Business Services Industry
MASSBANK Corp. Reports Third Quarter 2006 Earnings of $1.73 Million or $0.40 Per Share
Business Wire, Oct 20, 2006
READING, Mass. -- MASSBANK Corp. (NASDAQ - MASB), the Holding Company for MASSBANK, today reported net income of $1,731,000 or $0.40 in basic and diluted earnings per share for the third quarter 2006, compared with net income of $1,884,000 or $0.43 in basic and diluted earnings per share in the same quarter of 2005. For the nine months ended September 30, 2006 the Company reported net income of $5,296,000 or $1.21 in diluted earnings per share ($1.22 in basic earnings per share). This compares to $5,435,000 or $1.22 in diluted earnings per share ($1.24 in basic earnings per share) for the nine months ended September 30, 2005.
Income Statement
The Company's net income in the third quarter of 2006, compared to the same quarter of 2005, was negatively impacted by a decrease in net interest income.
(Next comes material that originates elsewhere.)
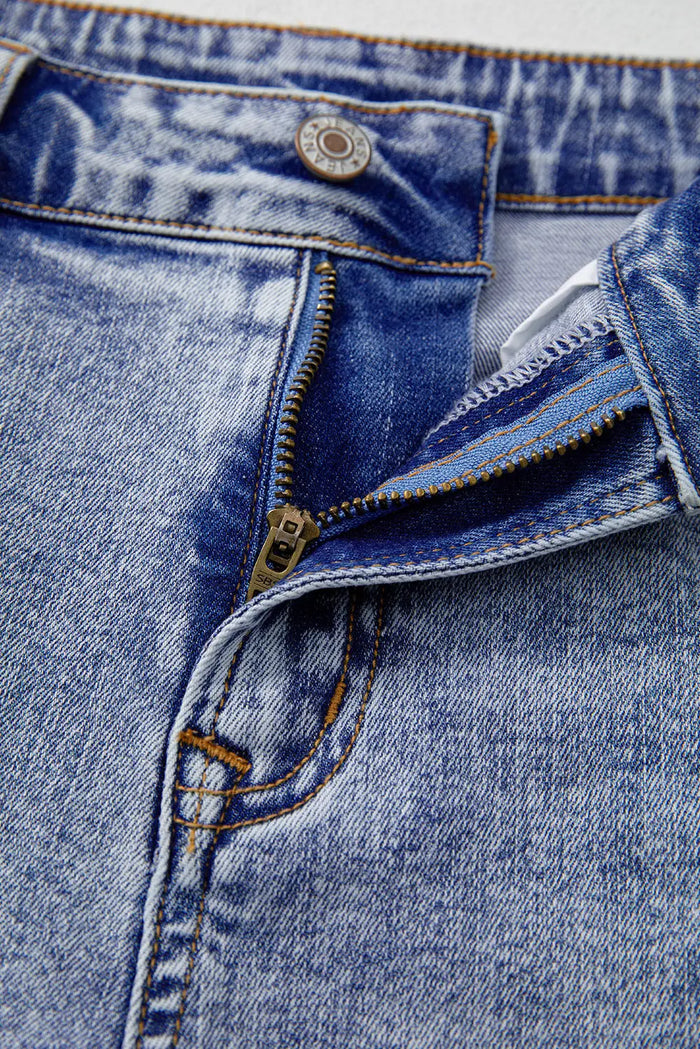 Beau Blue Pearl Studded Pockets Raw Hem Denim Shorts - Bottoms/Denim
This resulted from a decrease in average earning assets due to a lower deposit base, partially offset by an improvement in net interest margin.
Net interest income for the recent quarter decreased by $288,000 or 5.3% as the bank continued to be challenged by the current inverted yield curve environment (an environment where short-term rates actually exceed long-term rates). The market for deposits has become more competitive as financial institutions have been aggressive in pricing their deposit products to retain deposits. MASSBANK has chosen not to match these competitors' rates in order to protect its net interest margin. The Company's net interest margin in the recent quarter improved 9 basis points to 2.53% from 2.44% in the third quarter of 2005. This is the eighth consecutive quarter that the Company has reported a year-over-year improvement in net interest margin. Average earning assets for the recent quarter declined $75.4 million to $822.2 million, from $897.6 million in the third quarter of last year. Average total deposits were $741.0 million for the third quarter 2006 compared to $809.6 million for the same quarter of 2005.
The provision for loan losses was $82,000 for the recent quarter compared to no provision in the same quarter last year. This, however, is offset by a credit of $107,000 to the bank's provision for off-balance sheet credit exposures, which is included in non-interest expense. As loan commitments made to customers are drawn down, loss reserves against such commitments are reduced and loss reserves against outstanding loans are generally increased.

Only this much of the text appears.